El artículo 8o. de la Ley de Instituciones de 1990 establecía: ``Para organizarse y operar como institución de banca múltiple se requiere autorización del gobierno federal, que compete otorgar discrecionalmente a la Secretaría de Hacienda y Crédito Público, oyendo la opinión del Banco de México y de la Comisión Nacional Bancaria. Por su naturaleza, estas autorizaciones serán intransmisibles.'' Este precepto legal marca con toda claridad que las autorizaciones administrativas que podía otorgar el Gobierno Federal eran actos administrativos, de alcance singular y concreto, cuya fuente de legalidad estaba en el texto legal transcrito en la potestad reglamentaria.
No pueden confundirse la facultad de otorgar concesiones administrativas con la facultad reglamentaria, y resulta una barbaridad jurídica confundir maliciosamente una autorización o concesión individual de alcance singular, con la expedición de una norma reglamentaria, general, secundaria, fundada en el artículo 89, fracción primera de la Constitución.
Los integrantes de la oncena jurisdiccional pretendieron legitimar los acuerdos presidenciales específicos de autorizaciones bancarias fundándolos en el artículo 89, fracción primera de la Carta Magna y olvidaron el artículo 8o. de la Ley de Instituciones por dos razones muy obvias:
1. El Congreso de la Unión, al aprobar la nueva Ley de Instituciones de Crédito (Diario Oficial del 18 de julio de 1990), y al brindar mediante el artículo 8o. del Ejecutivo federal, la facultad de otorgar autorizaciones bancarias, sometió esa potestad a un plazo legal improrrogable.

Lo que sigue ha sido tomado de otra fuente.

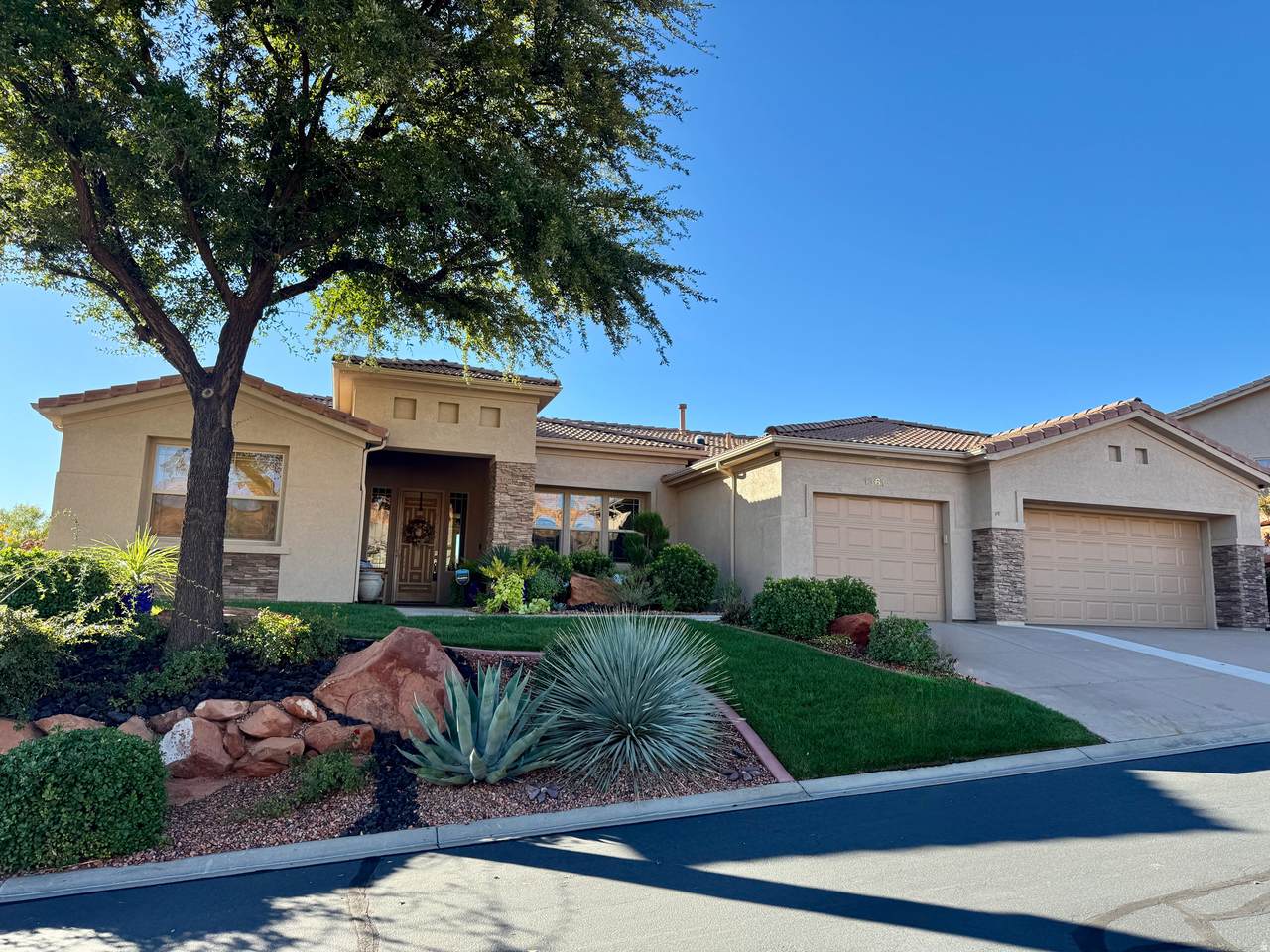 1361 Red Butte Dr - Photo 1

El artículo 9o. transitorio de la ley en referencia dispone: ``El Ejecutivo federal, en un plazo de 180 días naturales a partir de la vigencia de esa ley, expedirá los decretos mediante los cuales se transforman en instituciones nacionales de crédito, de sociedades anónimas en sociedades nacionales de crédito, como instituciones de Banca de Desarrollo''.
Como Salinas no alcanzó a concertar con los interesados privados, nacionales y extranjeros, valido de su máxima autoridad extralegal, expidió muchos de los decretos de autorización a los bancos después del plazo fijado por el Congreso. Esta extemporaneidad tiñó también de ilegalidad la operación como bancos, de las sociedades autorizadas, aunque no las privó de vida jurídica. El problema de fondo no era ni es la existencia de las instituciones autorizadas, sino de la ilegalidad de su actuación, fundada en decretos presidenciales posteriores al plazo fijado en la ley y, por lo mismo, contrarios a la Carta Magna.
La maña de la Suprema Corte de suplantar la facultad sujeta a plazo establecida en el artículo 8o. de la Ley Bancaria por la facultad reglamentaria del Presidente, proveniente de la fracción primera, del artículo 8o. de la Constitución, ni legitima los acuerdos ni los sustrae de la temporalidad de la función ya vencida y, por lo mismo, ya inexistente.
2. La otra evidente violación legal contenida en los acuerdos presidenciales, que la Suprema Corte pasó por alto con vergonzante unanimidad, es que el artículo 9o. de la misma Ley de Instituciones establecía, en forma terminante, una serie de requisitos para que alguien pudiera obtener una autorización para operar como institución de banca múltiple, requisitos cuyo cumplimiento debiera estar obligado a vigilar el Presidente cuando, con fundamento en el artículo 8¼, concede una autorización. Otorgarla sin cumplir esos requisitos determina la ilicitud de la misma autorización y la nulidad consecuente de las operaciones bancarias que lleve a cabo quien ``disfruta'' de una autorización inválida.
Varios de los entes autorizados por Salinas para operar como bancos múltiples no satisfacían los requisitos legales mencionados en el precepto transcrito. Pero, para cortar por lo sano, la oncena judicial suprema olvidó el problema y declaró que los acuerdos presidenciales que comento eran perfectamente ajustados a derecho.
Queda una cuestión jurídica y política que no parece preocupar demasiado a los miembros de la multicitada oncena judicial: ante su la actitud de pretender convalidar los acuerdos presidenciales citados, con clara transgresión de la Constitución y de las leyes aplicables, ¿qué camino les queda a los cientos de miles de ciudadanos esquilmados por los banqueros ilícitos, para defender sus derechos y sus intereses jurídicos? ¿Qué sendero les señala la Suprema Corte a los deudores despojados, a los barzonistas sin medios suficientes, a los deudores sin recursos pecuniarios, amenazados todos por la ``firmeza'' de los bancos acreedores, autorizados por Salinas en 1990, que hoy creen haber encontrado un nuevo apoyo en la sentencia de la Suprema Corte de Justicia que pretende legitimar un sistema bancario fundado en los acuerdos presidenciales comentados?